Nick pulled himself up onto the couch, and the action triggered a wave of dizziness and nausea so acute that he could only nod in response.

He heard Nat's footsteps move quickly away. They returned a moment later, and something smooth, cold and intimately familiar was pressed into his hands. He opened his eyes to stare, first at the bottle and then up at her.

"Drink it," she said. "Doctor's orders. I'll be back tomorrow, just for a few blood tests so we can try to document where it went wrong. Then I guess it's back to the drawing board."

"Yeah," he managed weakly, and tried to smile at her. "Thanks, Nat."

He wasn't certain just when she'd gathered everything and finally departed the loft. But halfway through the cold bovine libation in the bottle, he heard an all-too-familiar voice floating from somewhere above.

"Bad dreams, Nicholas?"

He rose on unsteady feet, twisted to stare up into the shadows -- and saw LaCroix on the stair landing.

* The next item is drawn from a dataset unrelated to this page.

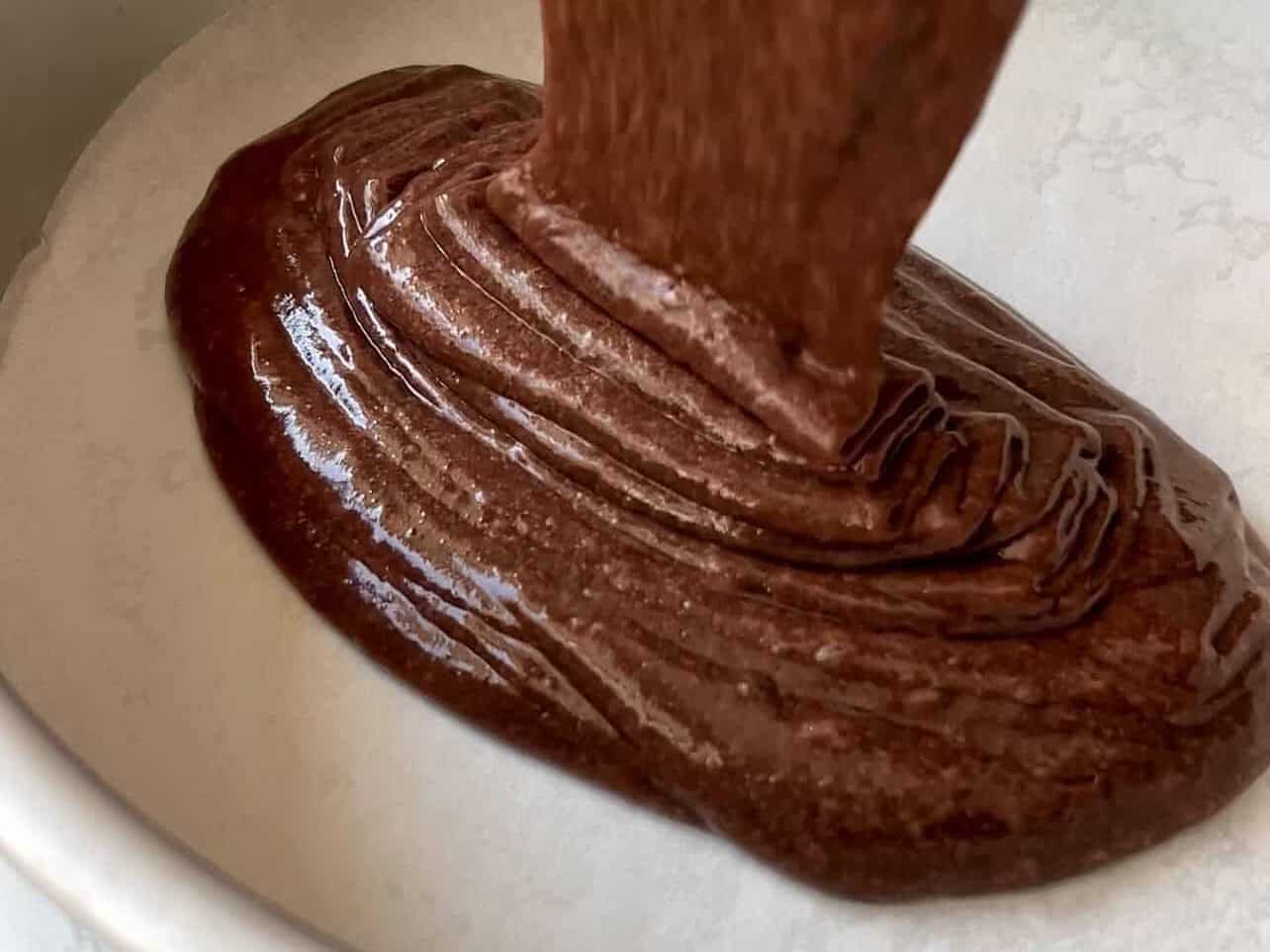 pour cake batter into greased lined pan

LaCroix, translucent blue and insubstantial, but unmistakably garbed in the 1940s uniform of a Russian Army officer.

"Dreams do have a way of turning on you, don't they?" the ghost taunted. "Haven't I always told you that? And haven't I always been right?"

With an oath, Nick hurled the half-empty bottle at the landing.

But long before it smashed against the red brick wall, the ghost had evaporated, leaving only its mocking laughter behind.